DO: Wir haben die Zusammenarbeit mit der Finanzkontrolle Schwarzarbeit vor 14 Jahren aufgegriffen und gemeinsam mit den Zollbeamten Kriterien aufgestellt, ab wann in einem Salon möglicherweise etwas nicht „in Ordnung“ ist. Diese beginnen bei der Preisgestaltung und enden bei Geldwäsche. Inzwischen gibt es ein zentrales Meldesystem auf Bundesebene, in das wir als Innungen Verdachtsfälle einspeisen können. Allerdings betrifft das Instrument in erster Linie Salons und nicht die Kontrolle im privaten Bereich. In unseren Augen muss hier das Schwarzarbeitsbekämpfungsgesetz geändert werden, auch wenn Juristen gern mit der „Unverletzlichkeit der Wohnung“ argumentieren.

Womit glauben Sie, werden Sie Erfolg haben?
DO:
Das ist immer die leichte Frage: Was ist dabei herausgekommen? Es wäre schön, wäre Verbandsarbeit so einfach: Ein Gespräch und schon kann ich einen Erfolg nachweisen! In der Politik muss man mit täglichem Misserfolg leben. Es ist immer wieder ein Sondieren und Argumente erweitern. Ich weiß, dass unsere Forderungen die richtigen sind und meine Aufgabe ist es, die anderen davon zu überzeugen.

Im Jahre 2009 habe ich beim Reisegewerbe angefangen, bis ich in zwölf Jahren in Rente gehe, möchte ich das Thema erledigt haben. Oder nehmen wir die 7% Umsatzsteuer! Auch, wenn Politiker sagen, es sei jetzt ein schlechter Zeitpunkt, denke ich, der Zeitpunkt ist genau richtig: Für den Mittelstand müssen Ausnahmen gemacht werden! Auch wenn es immer heißt, für Friseure können wir das nicht machen, werden Ausnahmen in anderen Branchen ständig gemacht. Wir müssen laut bleiben und dürfen nicht einknicken. Diese 7 Prozent sind eine gerechtfertigte Forderung und Hilfestellung für einen leidende Branche.

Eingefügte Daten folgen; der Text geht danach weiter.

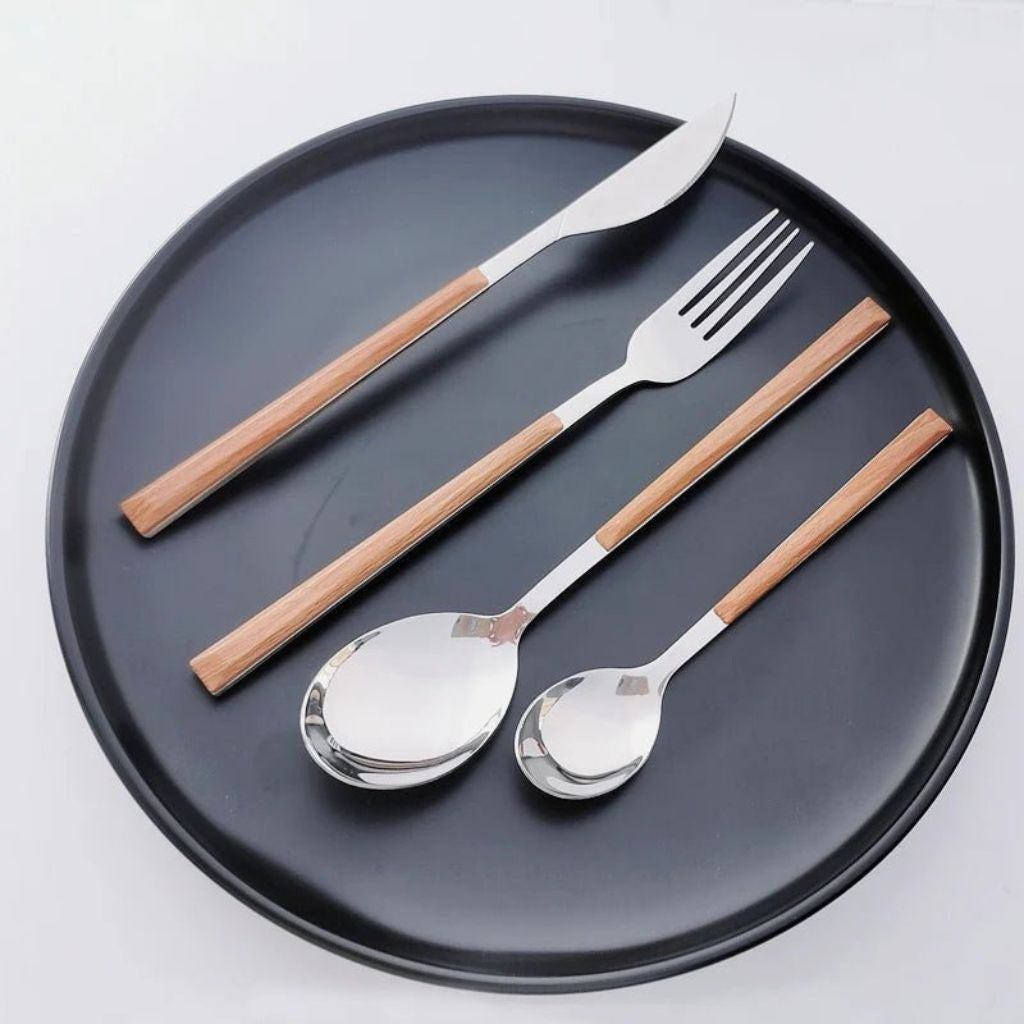 Silver knife, fork, soup spoon and teaspoon with wood-look handles on a round black plate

Sie sind seit 22 Jahren im Landesinnungsverband. Was haben Sie rückblickend erreicht?
DO:
  Wir konnten 2003 bei der Änderung der Handwerksordnung erreichen, dass die Meisterprüfung Regelvoraussetzung für die Selbstständigkeit im Friseurhandwerk bleibt. Das liegt lange zurück, aber war ein großer wichtiger Meilenstein. Aber auch „Kleinigkeiten“ wie die Umsatzsteuerfreigrenze, die auf 50.000 Euro gesetzt werden sollte und mit derzeit 22.000 Euro weit darunter liegt. Ein solcher Anstieg hätte fatale Auswirkungen auf die Branche gehabt. Und auch, was in der Coronazeit verhindert und erreicht wurde, mit den Öffnungen und den Bedingungen, unter denen gearbeitet werden durfte.

Abschließend: Parteitage – warum lohnt es sich, hinzugehen?
DO:
Weil wir dort Politiker aller Ebenen erreichen können, vom Landrat und Bürgermeister bis hin zum Landtags- oder Europaabgeordneten. In dieser geballten Form hat man das sonst nirgends und die Diskussionen und Kontakte sind sehr wertvoll. Aber auch erst der Anfang. Wenn die Gespräche geführt, Visitenkarten und Themen gesammelt sind, geht die Arbeit erst richtig los.